Give again, word for word, each line below starting at the one that contains "bleu et blanc 4" and ending at the one that contains "Premium Auburn Sheet Set - 3 PCS".

[Data entries]
[Start of Attachment]
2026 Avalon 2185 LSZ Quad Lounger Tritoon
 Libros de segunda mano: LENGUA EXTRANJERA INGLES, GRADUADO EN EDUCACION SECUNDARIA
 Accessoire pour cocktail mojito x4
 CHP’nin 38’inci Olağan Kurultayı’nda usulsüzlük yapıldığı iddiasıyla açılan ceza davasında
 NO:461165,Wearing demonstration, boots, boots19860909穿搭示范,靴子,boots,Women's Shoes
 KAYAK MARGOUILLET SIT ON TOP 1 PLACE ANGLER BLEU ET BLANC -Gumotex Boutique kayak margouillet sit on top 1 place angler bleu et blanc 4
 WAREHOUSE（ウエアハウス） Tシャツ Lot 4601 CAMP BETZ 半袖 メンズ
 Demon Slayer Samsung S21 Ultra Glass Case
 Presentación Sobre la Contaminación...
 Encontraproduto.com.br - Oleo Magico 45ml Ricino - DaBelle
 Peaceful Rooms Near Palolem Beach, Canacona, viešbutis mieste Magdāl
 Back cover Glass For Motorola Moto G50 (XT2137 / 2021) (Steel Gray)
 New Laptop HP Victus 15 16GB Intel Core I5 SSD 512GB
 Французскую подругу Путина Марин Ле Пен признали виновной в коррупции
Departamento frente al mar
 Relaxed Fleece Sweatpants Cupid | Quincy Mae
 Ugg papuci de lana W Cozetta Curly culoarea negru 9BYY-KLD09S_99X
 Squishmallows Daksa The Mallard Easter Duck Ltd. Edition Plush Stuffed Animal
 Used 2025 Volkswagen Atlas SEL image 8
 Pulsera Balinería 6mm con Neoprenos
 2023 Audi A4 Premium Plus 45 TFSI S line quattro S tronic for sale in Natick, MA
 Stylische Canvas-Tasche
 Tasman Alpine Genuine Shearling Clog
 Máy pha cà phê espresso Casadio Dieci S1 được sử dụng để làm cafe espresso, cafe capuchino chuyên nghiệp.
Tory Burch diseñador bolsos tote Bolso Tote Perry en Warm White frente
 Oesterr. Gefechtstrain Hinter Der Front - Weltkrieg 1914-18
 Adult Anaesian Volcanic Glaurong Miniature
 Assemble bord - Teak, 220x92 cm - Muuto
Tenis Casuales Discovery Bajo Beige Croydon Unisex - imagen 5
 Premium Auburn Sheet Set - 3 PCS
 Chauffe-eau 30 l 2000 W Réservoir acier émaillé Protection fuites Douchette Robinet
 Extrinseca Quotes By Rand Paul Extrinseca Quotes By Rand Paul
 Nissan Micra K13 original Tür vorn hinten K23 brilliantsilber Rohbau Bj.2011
[End of Attachment]
(Response box)
 KAYAK MARGOUILLET SIT ON TOP 1 PLACE ANGLER BLEU ET BLANC -Gumotex Boutique kayak margouillet sit on top 1 place angler bleu et blanc 4
 WAREHOUSE（ウエアハウス） Tシャツ Lot 4601 CAMP BETZ 半袖 メンズ
 Demon Slayer Samsung S21 Ultra Glass Case
 Presentación Sobre la Contaminación...
 Encontraproduto.com.br - Oleo Magico 45ml Ricino - DaBelle
 Peaceful Rooms Near Palolem Beach, Canacona, viešbutis mieste Magdāl
 Back cover Glass For Motorola Moto G50 (XT2137 / 2021) (Steel Gray)
 New Laptop HP Victus 15 16GB Intel Core I5 SSD 512GB
 Французскую подругу Путина Марин Ле Пен признали виновной в коррупции
Departamento frente al mar
 Relaxed Fleece Sweatpants Cupid | Quincy Mae
 Ugg papuci de lana W Cozetta Curly culoarea negru 9BYY-KLD09S_99X
 Squishmallows Daksa The Mallard Easter Duck Ltd. Edition Plush Stuffed Animal
 Used 2025 Volkswagen Atlas SEL image 8
 Pulsera Balinería 6mm con Neoprenos
 2023 Audi A4 Premium Plus 45 TFSI S line quattro S tronic for sale in Natick, MA
 Stylische Canvas-Tasche
 Tasman Alpine Genuine Shearling Clog
 Máy pha cà phê espresso Casadio Dieci S1 được sử dụng để làm cafe espresso, cafe capuchino chuyên nghiệp.
Tory Burch diseñador bolsos tote Bolso Tote Perry en Warm White frente
 Oesterr. Gefechtstrain Hinter Der Front - Weltkrieg 1914-18
 Adult Anaesian Volcanic Glaurong Miniature
 Assemble bord - Teak, 220x92 cm - Muuto
Tenis Casuales Discovery Bajo Beige Croydon Unisex - imagen 5
 Premium Auburn Sheet Set - 3 PCS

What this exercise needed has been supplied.